One area that can be a source of tension during with your co-parenting partner, can be the subject of money. Your kids’ money. Who manages it? Who makes decisions about if/how/when your kids spend it? Whether to invest it? Where to invest it? And the list goes on.
Given that money issues are usually key issues in marital discord and matters of divorce, it’s no surprise that how to deal with your kids’ money can be tricky.
These need to be agreed upon early by you and your ex so that clear and consistent boundaries are set for your child. It is also important that any special money put aside for the child is not mishandled by either parent. This can all be handled easily with a few simple rules, and communication.

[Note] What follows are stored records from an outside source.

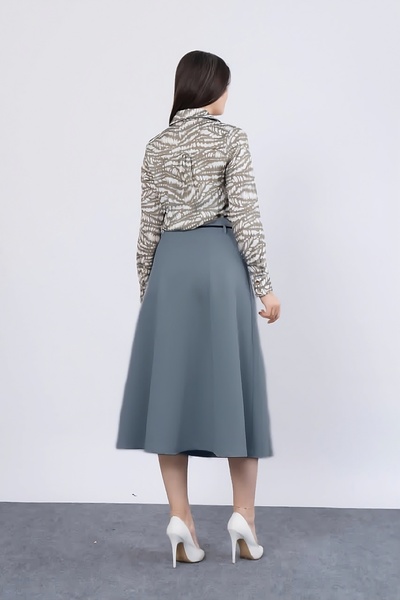 ribana Fusta cu balon fără model de clopot pentru femei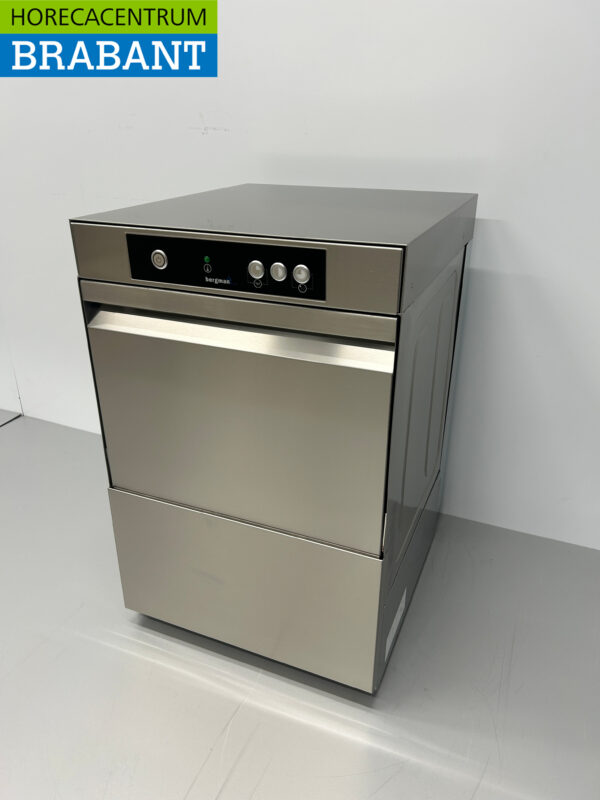 Rinceuse à verre Asber ECO 40 en acier inoxydable avec pompe de vidange 230V Horeca – Image 2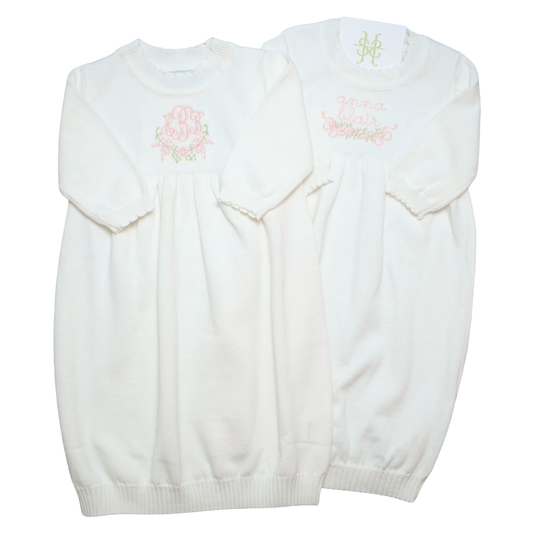 HEIRLOOM SCALLOPED KNIT GOWN BUNDLE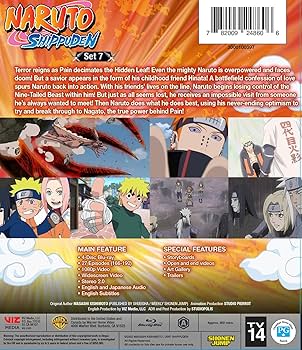 Amazon.com: Naruto Shippuden Set 7 (Blu-ray) : Masashi Kishimoto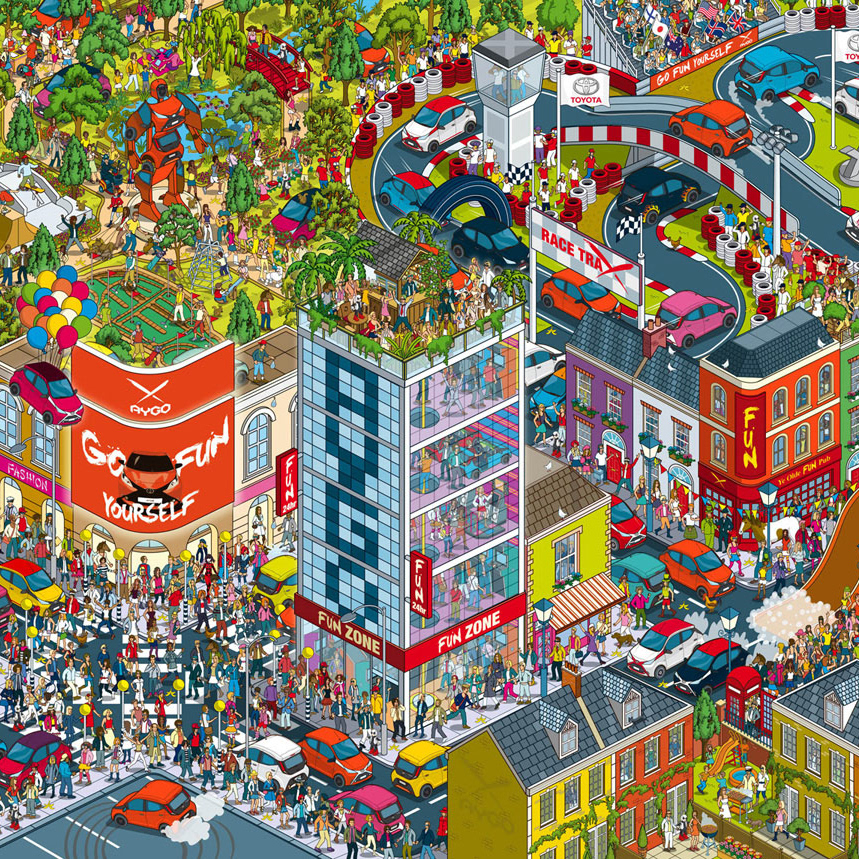 Rod Hunt / Illustration and Illustrated Maps - Map Illustrator ...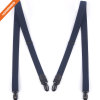 Slim No Cross Mens Adjustable Metal Clips Suspender Handmade Durable Shirt Stays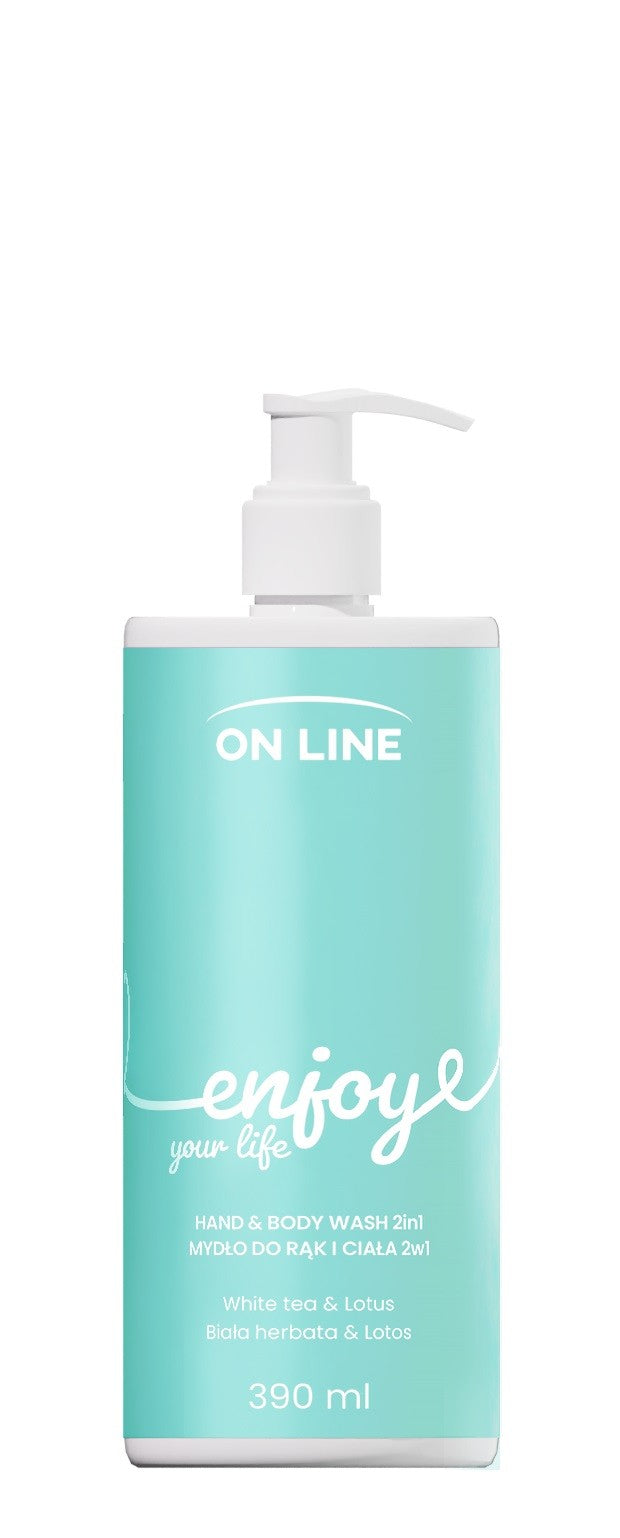 ON LINE Emotions Hand and Body Soap 2in1 Enjoy 390 ml | Vaistine1.lt | WestPharmacy.eu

1. If possible, work with your co-parent to determine whether an allowance shall be granted to your child. Who pays it, what if anything does the child have to do to earn it. If you and your ex can’t agree, then you can implement your own rules and expectations for when the children are in your care. If this is your only option, then keep in mind that just as your ex can’t control how you manage this while the kids are with you, same applies to you, when they’re with him. You many not agree with his/her rules, but you must respect them.
2. Any savings should go into a bank account in the child’s name. If a parent needs to be named on the account, both parents should be listed unless one agrees that the other can handle it. If the child is given a money gift from another friend or relative, it should be determined in advance how much she can spend and how much should be put in savings.